The graph dividing algorithm based on JA-BE-JA adopts the graph coloring problem, is simple in calculation and strong in locality, can avoid local optimization, but gradually increases the running time along with the increase of iteration times, and is not suitable for dynamic graphs such as RDF knowledge graphs, which are larger and larger along with the time. Meanwhile, the graph dividing algorithm is mainly aimed at undirected graphs, but is not applicable to directed graphs such as RDF knowledge graphs, and the like.

Fig. 1 shows a flowchart of a knowledge graph dividing method provided by an embodiment of the present disclosure. As shown in fig. 1, the knowledge graph dividing method may include the steps of:

101, determining the weight of the nodes in the knowledge graph according to the semantic information of the nodes in the knowledge graph and the semantic information of edges between the nodes;

102, partitioning the knowledge graph according to the weight of the nodes in the knowledge graph and the structural information of the knowledge graph;

and 103, dividing the nodes to be divided into target partitions according to semantic similarity between the nodes to be divided in the knowledge graph and each partition of the knowledge graph.

The knowledge graph dividing method provided by the embodiment of the disclosure can be executed by any device, equipment, platform or equipment cluster with computing and processing capabilities.

In the embodiment of the disclosure, the knowledge graph may be generated based on structured data and/or unstructured data in a preset domain. The preset fields may include, but are not limited to: telecom, finance, medical and/or insurance etc.

The knowledge graph may be an RDF graph. RDF graphs describe relationships of entities or entity to entity attribute values in the manner of RDF triples. In addition, the knowledge graph can be other types of knowledge graphs, such as an attribute graph, a directed label graph and the like.

Nodes in the knowledge graph are used to represent entities. Edges in the knowledge graph have directions for connecting two nodes, representing entity-to-entity relationships or entity-to-entity attribute value relationships.

The semantic information of the node refers to semantic features of the node information of the node. The node information may include node attribute information and/or association relationships between nodes. The node attribute information may include node identification, node name, node type, etc. The node identification refers to an identification for uniquely identifying the node in the knowledge graph, and may be the number of the node according to a certain ordering rule, for example, the initial value may be set to v1, and the sequence number may be v1, v2, … …, and the like.

The semantic information of the side refers to semantic features of the side information of the side. The side information of the side may include side attribute information and/or an association relationship of the side. The side attribute information may include a side identifier, a side name, a side type.
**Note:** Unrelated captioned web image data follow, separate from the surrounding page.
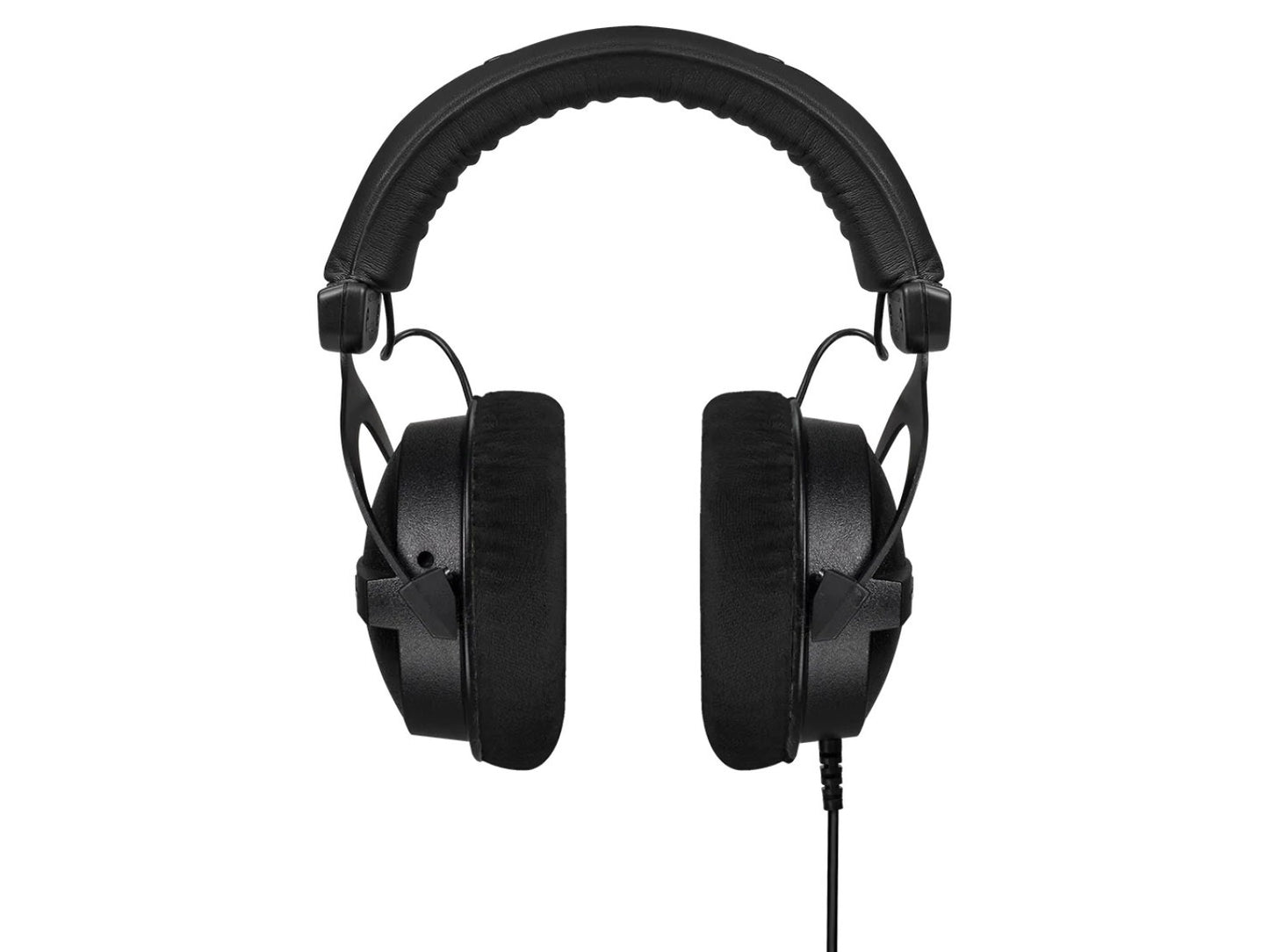 BEYERDYNAMIC DT 770 PRO 250 Black Edition - Cuffie chiuse, 250 Ohm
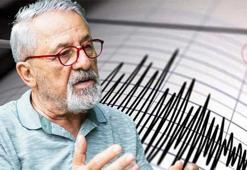 İstanbul'daki depremin ardından Naci Görür'den dikkat çeken açıklama! 'Stres alanı değişimleri devam ediyor'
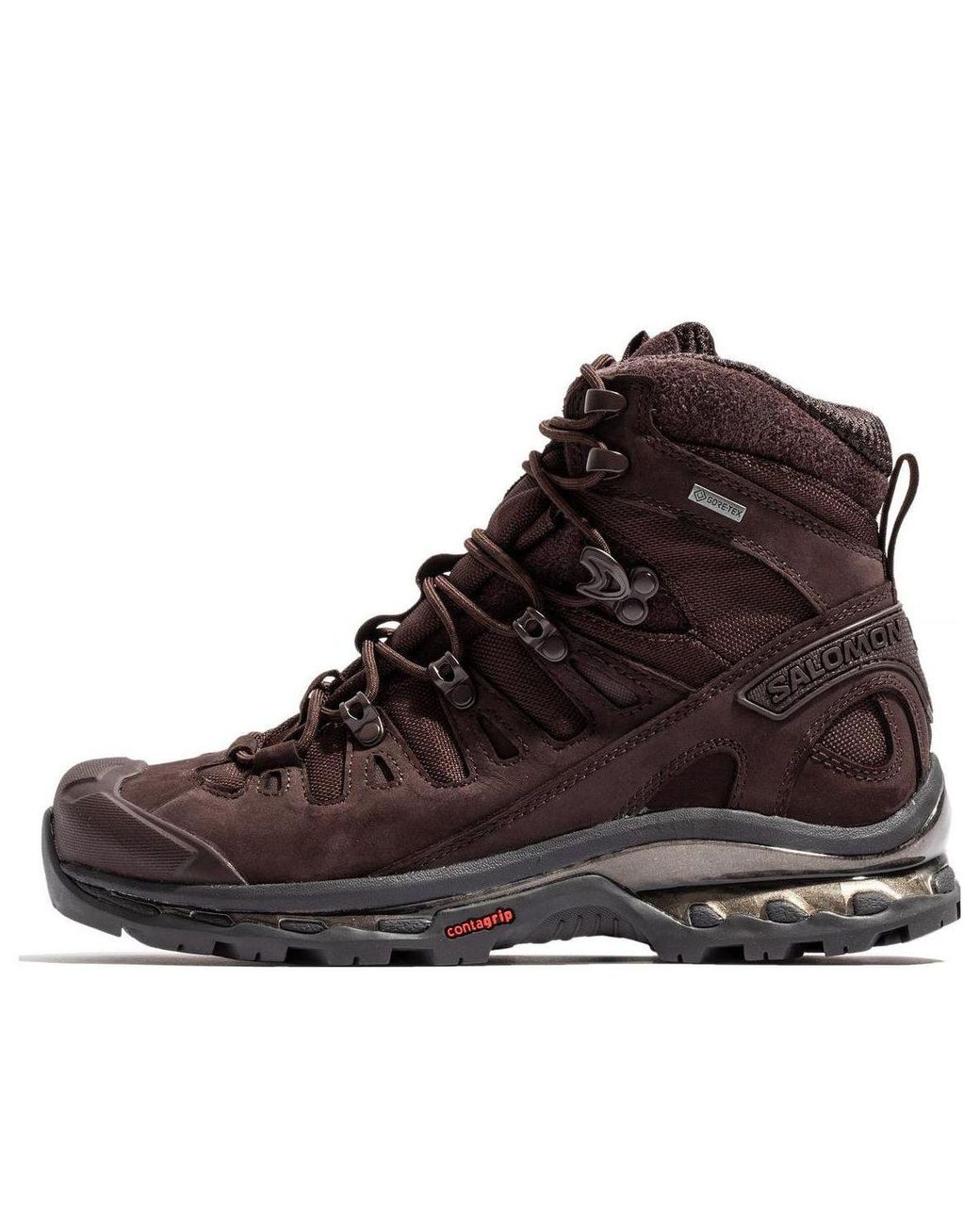 Salomon Brown Quest Gtx Advanced for men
The edge identifier refers to an identifier for uniquely identifying an edge in the knowledge graph, and may be the number of the edge according to a certain ordering rule, for example, the initial value may be set to e1, and the sequential number may be e1, e2, … …, etc.
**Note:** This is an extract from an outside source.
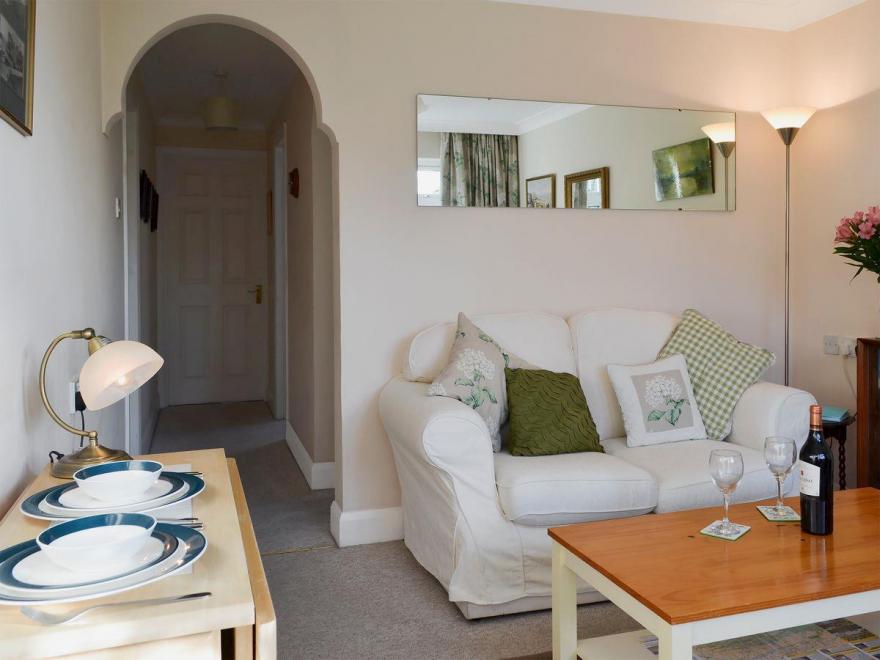 High Trees Apartment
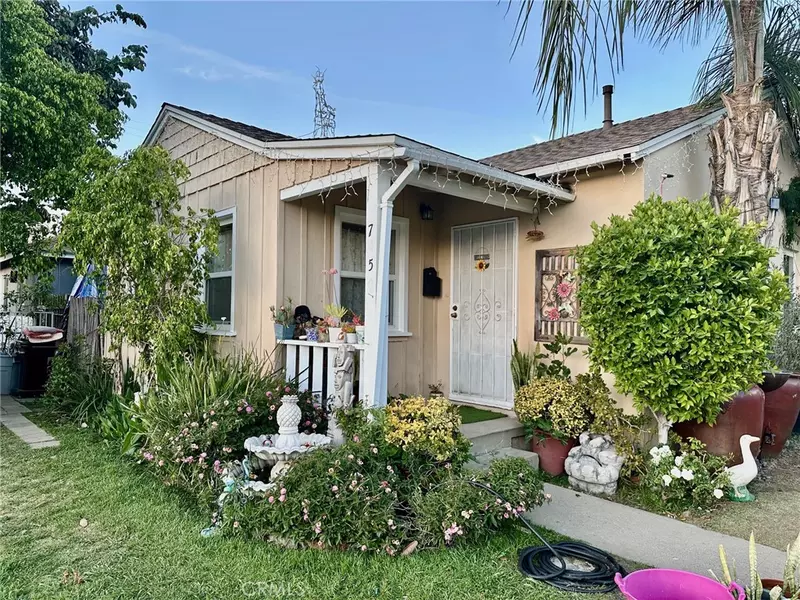 7450 Woodley AVE, Van Nuys, CA 91406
Each node in the knowledge graph has a corresponding weight value, and the weight value of each node is used for reflecting the weight relation between the entities corresponding to each node.
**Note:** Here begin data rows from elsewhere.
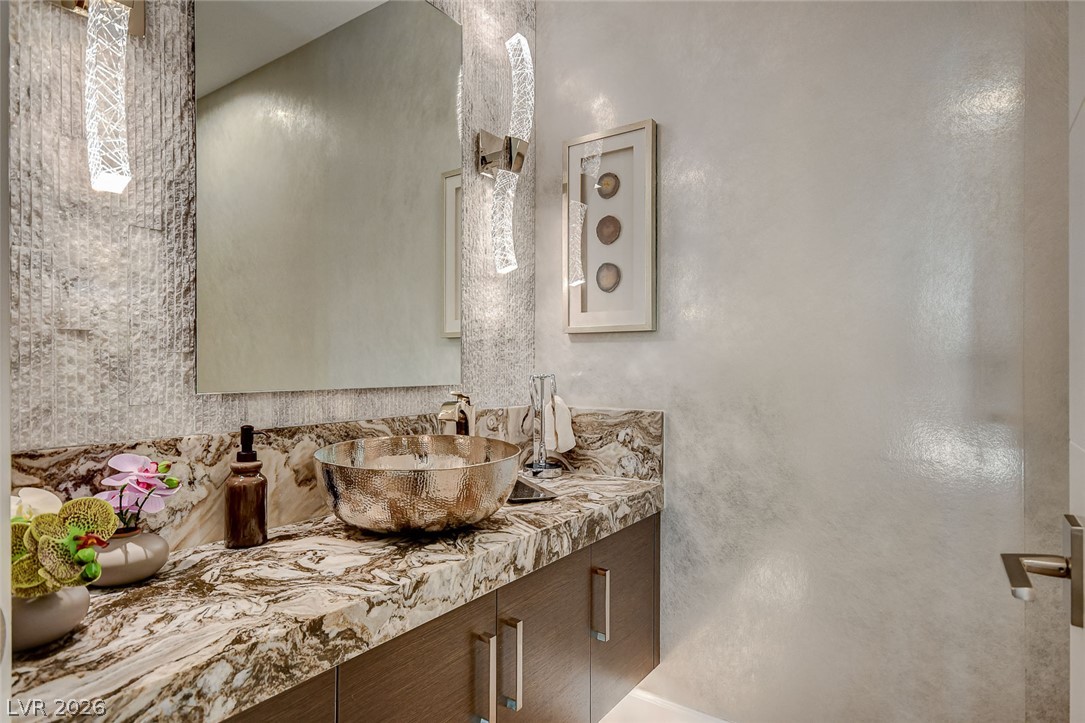 11827 Oakland Hills Drive Las Vegas NV 89141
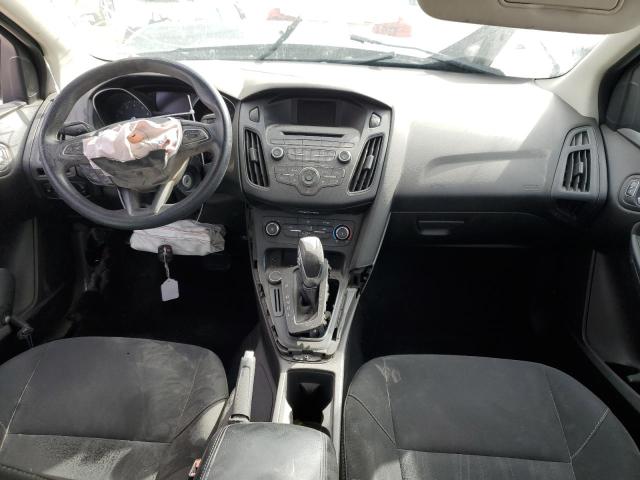 Photo 8 from auction – 2016 FORD FOCUS SE with VIN 1FADP3F25GL306391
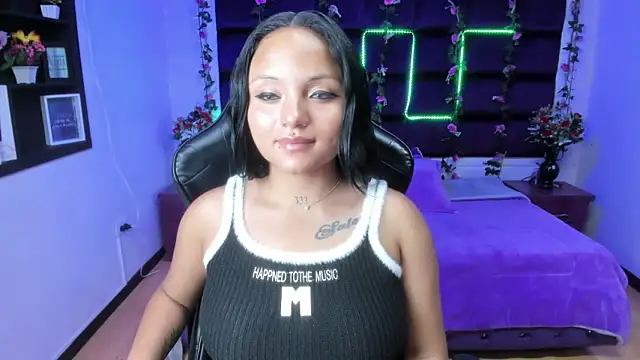 Snapshot of sweelanna__ chatting on 2, 3, 2025 sweelanna online show from 2, 3, 2025
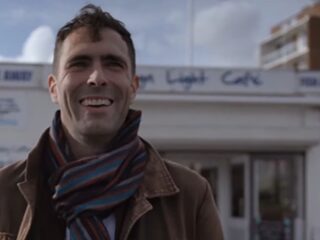 Keane's Sovereign Light Café veranderde een koffietent in een toeristenattractie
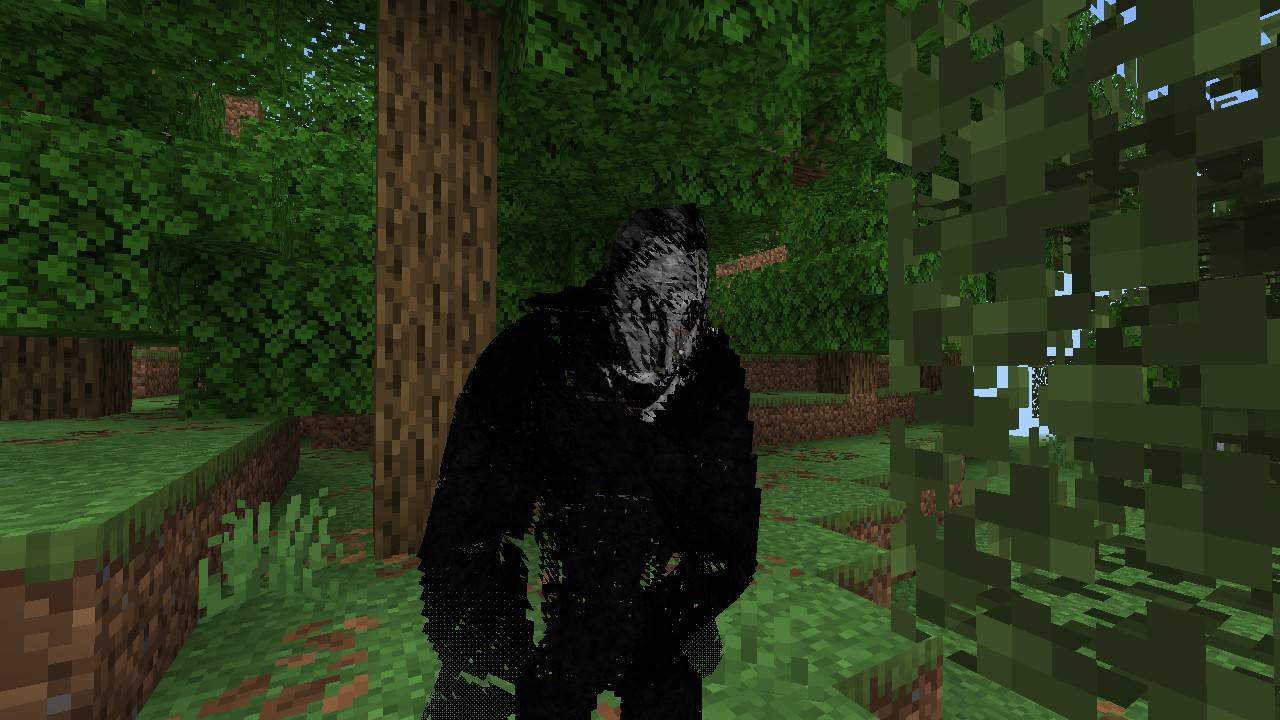 Stalker 3d.Exe — screenshot 1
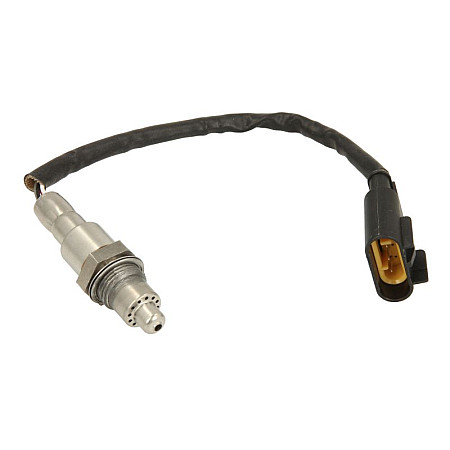 Sonda lambda 300mm ABARTH 500 / 595 / 695 500C / 595C / 695C ALFA ROMEO GIULIETTA MITO FIAT 500L DOBLO DOBLO CARGO FIORINO TIPO LANCIA DELTA III 1.4-1.6D 11.07- DELPHI ES21201-12B1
Each side in the knowledge graph has a corresponding weight value, and the weight value of each side is used for reflecting the weight relation between the corresponding relations of each side.

In the step 101, the initialization weight of each node and the initialization weight of each side may be determined according to the semantic information of the node and the semantic information of the side in the knowledge graph, and the weight of each node may be determined according to the initialization weight of each side and the initialization weight of each node.

In the embodiment of the disclosure, when the weight information of the node is calculated, the weight of the node in the knowledge graph in different fields can be different due to the fact that semantic information of the node and the edge in the RDF knowledge graph is considered.

In the step 102, the nodes may be sorted according to the order of the weights of the nodes in the knowledge graph from high to low, the nodes sorted in the first K bits are selected to be the initial nodes, and the knowledge graph is partitioned by combining the structure information of the knowledge graph and the structure information of the preset query template, so as to obtain multiple partitions that are not overlapped with each other.

In step 103, for each node to be divided in the knowledge graph, the semantic similarity between the node to be divided and each partition of the knowledge graph may be determined, and the node to be divided may be divided into the target partition corresponding to the maximum semantic similarity according to the semantic similarity.

In some examples, the node to be partitioned may be a leaf node in any partition, and the semantic similarity between the leaf node and the partition in which the leaf node is located is less than a similarity threshold.

Here, leaf nodes within a partition may be included in a set of nodes corresponding to the boundaries of the partition.

In other examples, the nodes to be partitioned may be newly added nodes after the knowledge-graph partition.

In some examples, for any one partition of the knowledge-graph, the semantic similarity between a node in the knowledge-graph and that partition is: statistics of semantic similarity of the node to nodes within the partition.

Here, the statistical value of the semantic similarity may be an average value or a median value of the semantic similarity, or the like.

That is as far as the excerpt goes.